A Visual Journal:
Riding Gran Canaria
The Canary Islands form an archipelago off the north-west coast of Africa and just like Catalunya or the Basque Country, are an autonomous community of Spain. While not the largest, most populous or best known of the Canaries, Gran Canaria, the administrative centre of the archipelago, is an underrated and relatively untouched cycling destination.
At just 50km across and with a strong tourism industry on top of a population approaching one million, you’d be forgiven for thinking Gran Canaria would be an over-crowded hot spot. Far from the truth, the population is largely concentrated in the capital Las Palmas, giving most of the island a remarkable sense of enchanting remoteness. Just a short trip out of the city and it’s easy to ride for hours while hardly passing a car.

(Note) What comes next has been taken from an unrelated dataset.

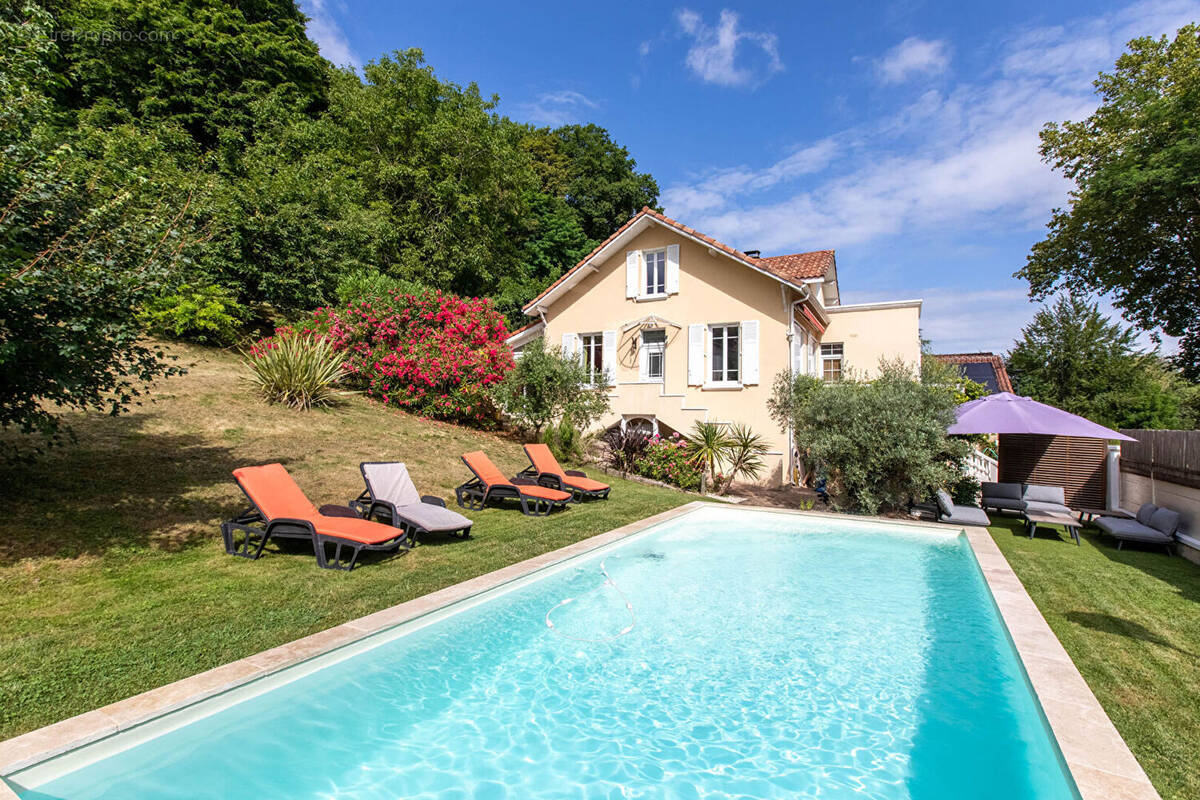 Maison à AIRE-SUR-L&#039;ADOUR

Like its iconic neighbour Tenerife, the island is geologically dominated by the volcano that formed it, however Gran Canaria offers vastly more varied terrain and with it a richer array of riding options. Thanks to a population concentrated on the coast, there’s a fair chance you’ll be staying in or around the capital Las Palmas or the resort town of Maspalomas, which means starting at sea level. There are endless winding coastal roads, flanked by postcard beaches and the crystal clear Atlantic if you want to keep the vertical metres low, with no shortage of worthy places to stop and drink in the scenery or a local beverage. The real beauty of riding Gran Canaria however, is found once you turn inland and the road tilts definitively upwards.

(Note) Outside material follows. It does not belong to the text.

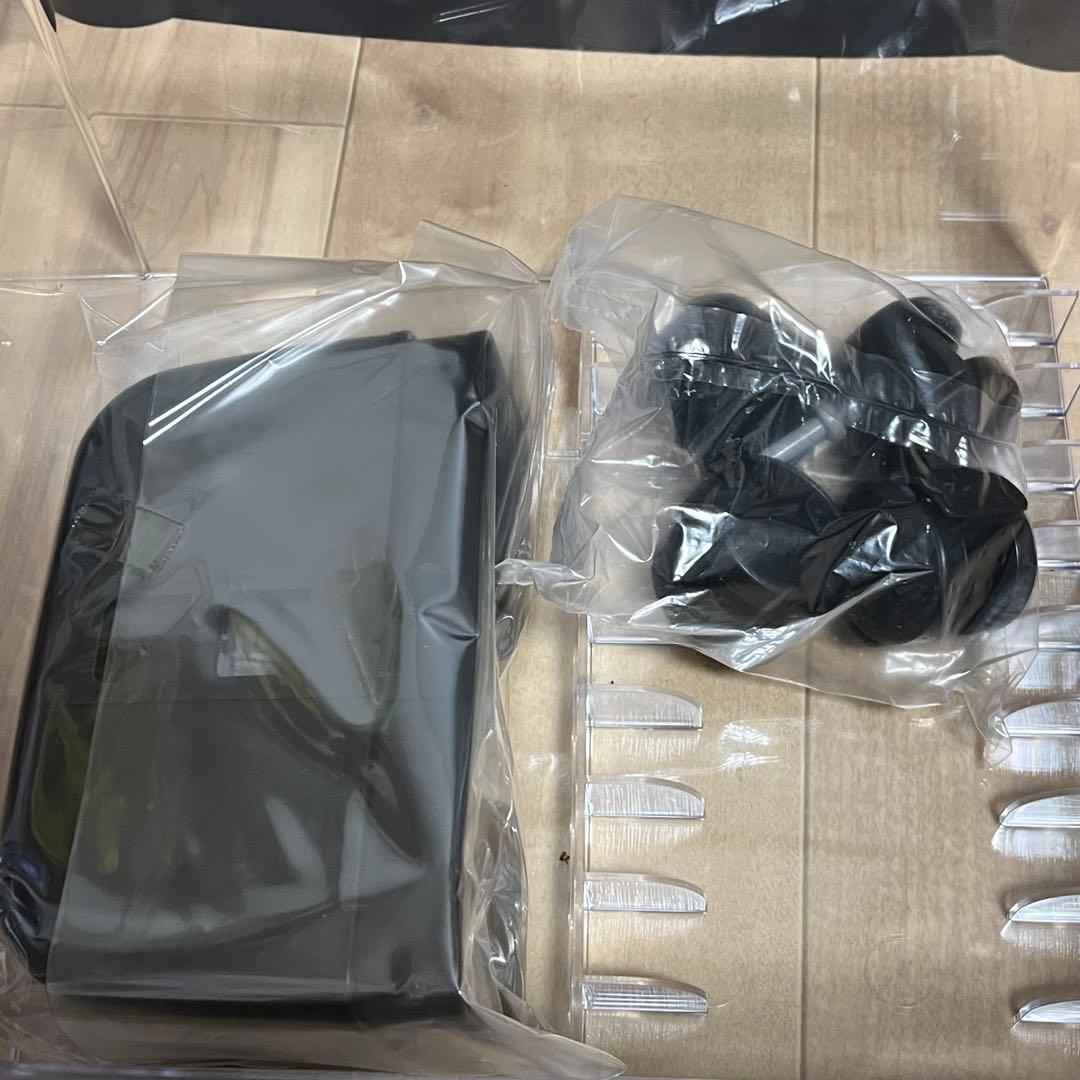 未使用】まるごと収納 64システムラック super スーパー マリオ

There’s the unmissable Valley of the Tears, a 12.7km climb up the GC606 (all the main roads have similarly memorable names), gaining just over 1000m for an average grade of about 10%. What those numbers don’t reveal however are the early switchbacks that bite at over 25%. Or you can make the monstrous 44km, 2200m climb to the island’s second highest peak, Pico de las Nieves, easily built into a breathtakingly scenic 120km loop from the Maspalomas in the south. There’s also an equally picturesque climb to the island’s third highest point, Roque Nublo. Whichever route you end up on, you’ll notice a general theme emerging of snaking switchbacks peppered with more than a few brutally steep pinches. Not for the faint of heart but worth every pedal stroke for the views at the top.
Gran Canaria has more than just world class rides and fresh seafood on offer. Just like the rest of the Canary Islands, the weather is reliably favourable, especially at times of the year when the rest of Europe has put their bikes in the shed. With just 21 average rain days a year, totally less rainfall than we might see in a single bad week in Sydney, there’s a good chance you’ll see the sun on your trip. While slightly variable on some of the inland routes, the road surface is generally excellent which means some of the descents are world class, just rewards for battling double digit gradients up the climbs. Direct flights from most major European hubs also makes the island incredibly accessible and surprisingly affordable. A visit to Gran Canaria makes it obvious why it was the inspiration for our latest H2/22 collection and worthy of a spot on every rider’s bucket list.